Exercise goal. Write out the lines below exactly, beginning at the one with "This is how" and stopping after the one with "With that, I"; the pictures are not copied.

Records provided.
....

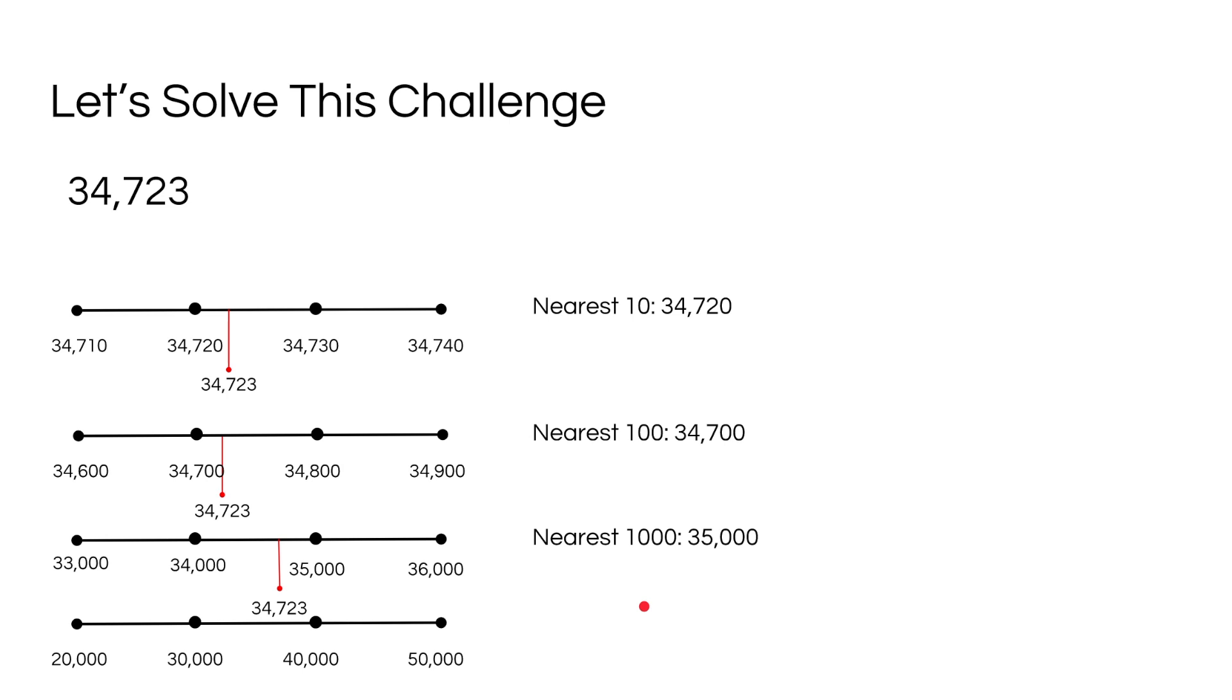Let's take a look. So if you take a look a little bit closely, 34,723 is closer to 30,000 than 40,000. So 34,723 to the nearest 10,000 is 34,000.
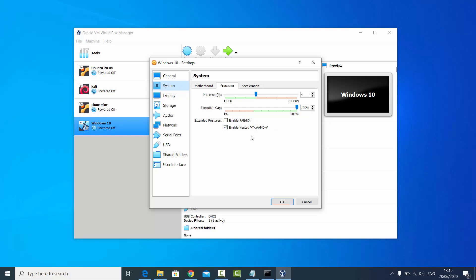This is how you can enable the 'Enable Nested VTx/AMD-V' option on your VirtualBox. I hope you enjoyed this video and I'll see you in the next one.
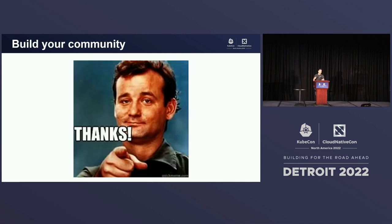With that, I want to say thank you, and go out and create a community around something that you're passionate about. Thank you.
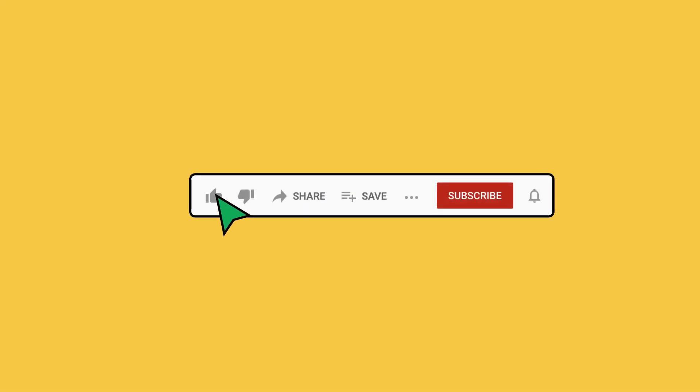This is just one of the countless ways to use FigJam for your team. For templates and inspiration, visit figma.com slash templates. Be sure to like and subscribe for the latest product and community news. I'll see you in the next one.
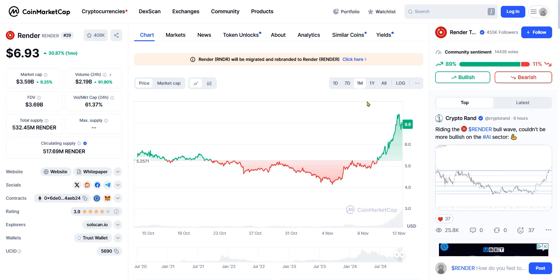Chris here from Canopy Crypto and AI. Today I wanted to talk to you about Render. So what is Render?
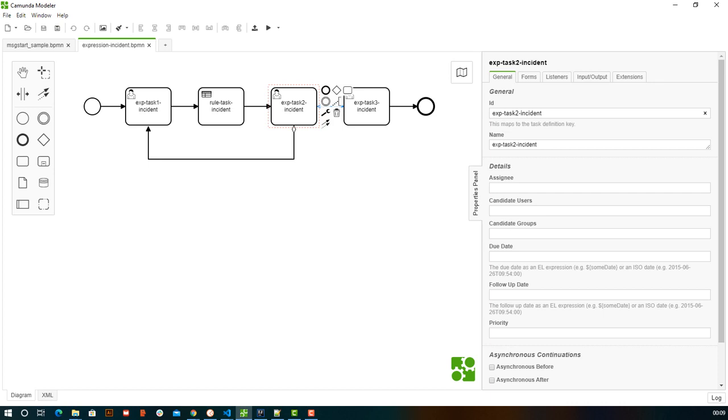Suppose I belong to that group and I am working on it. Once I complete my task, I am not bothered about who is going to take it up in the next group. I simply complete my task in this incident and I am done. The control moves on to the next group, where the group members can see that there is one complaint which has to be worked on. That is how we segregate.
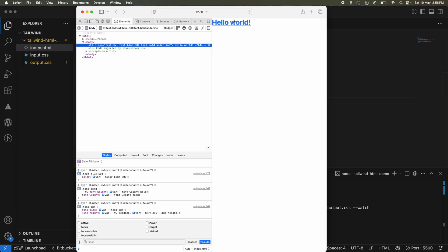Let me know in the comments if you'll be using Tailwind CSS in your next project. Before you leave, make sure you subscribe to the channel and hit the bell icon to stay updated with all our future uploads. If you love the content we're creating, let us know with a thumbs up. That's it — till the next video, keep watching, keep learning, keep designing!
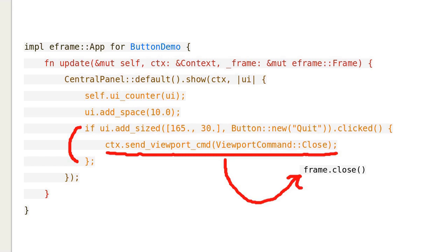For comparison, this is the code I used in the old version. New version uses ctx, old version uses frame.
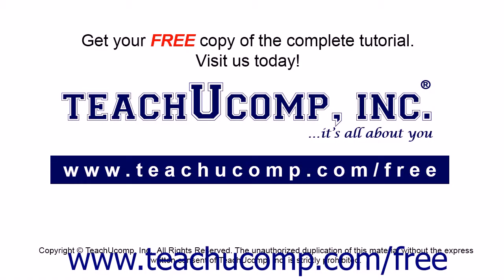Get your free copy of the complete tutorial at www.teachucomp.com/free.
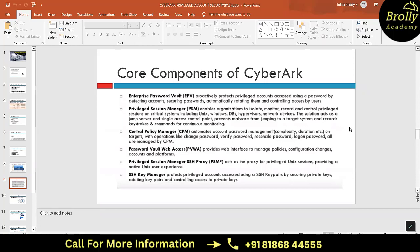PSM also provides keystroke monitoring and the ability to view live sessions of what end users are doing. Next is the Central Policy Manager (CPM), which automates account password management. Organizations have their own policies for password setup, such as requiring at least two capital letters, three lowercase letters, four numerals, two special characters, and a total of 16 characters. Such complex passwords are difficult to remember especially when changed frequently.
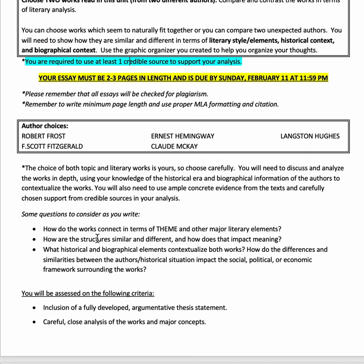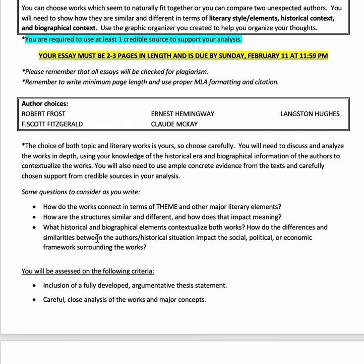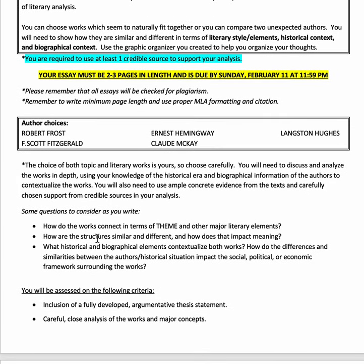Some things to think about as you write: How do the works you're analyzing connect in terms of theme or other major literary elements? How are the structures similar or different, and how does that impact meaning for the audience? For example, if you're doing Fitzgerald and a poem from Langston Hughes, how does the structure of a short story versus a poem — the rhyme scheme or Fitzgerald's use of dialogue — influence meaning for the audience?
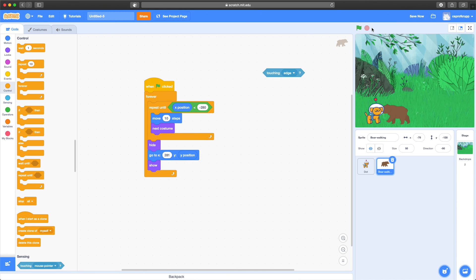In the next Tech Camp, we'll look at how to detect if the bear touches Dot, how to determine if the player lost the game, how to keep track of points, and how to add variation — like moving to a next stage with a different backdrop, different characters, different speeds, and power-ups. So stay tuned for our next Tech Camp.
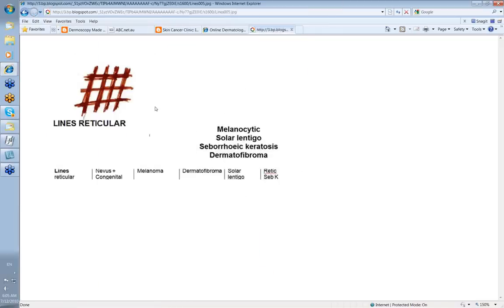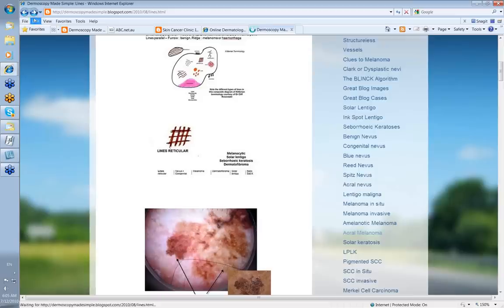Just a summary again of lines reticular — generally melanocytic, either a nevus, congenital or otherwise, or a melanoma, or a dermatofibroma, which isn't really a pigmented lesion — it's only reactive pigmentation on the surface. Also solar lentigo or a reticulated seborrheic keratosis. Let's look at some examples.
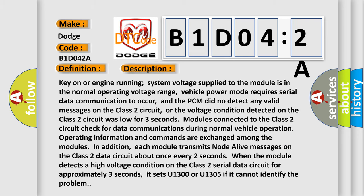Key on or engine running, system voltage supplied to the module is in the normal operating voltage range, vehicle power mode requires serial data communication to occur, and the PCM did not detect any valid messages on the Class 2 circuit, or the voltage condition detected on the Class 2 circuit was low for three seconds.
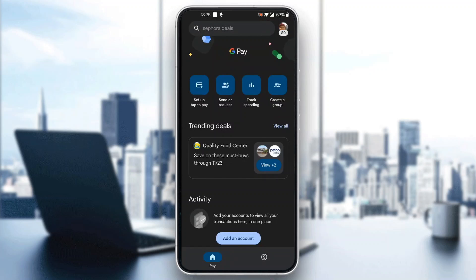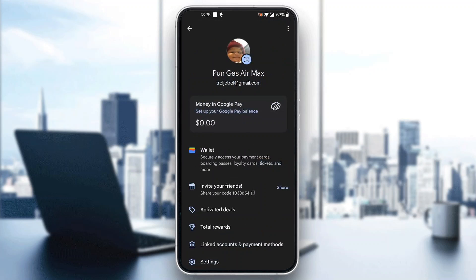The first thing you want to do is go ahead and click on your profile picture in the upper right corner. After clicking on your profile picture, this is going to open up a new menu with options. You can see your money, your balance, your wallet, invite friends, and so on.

....

Written response.
This is how you can enable the 'Enable Nested VTx/AMD-V' option on your VirtualBox. I hope you enjoyed this video and I'll see you in the next one.
With that, I want to say thank you, and go out and create a community around something that you're passionate about. Thank you.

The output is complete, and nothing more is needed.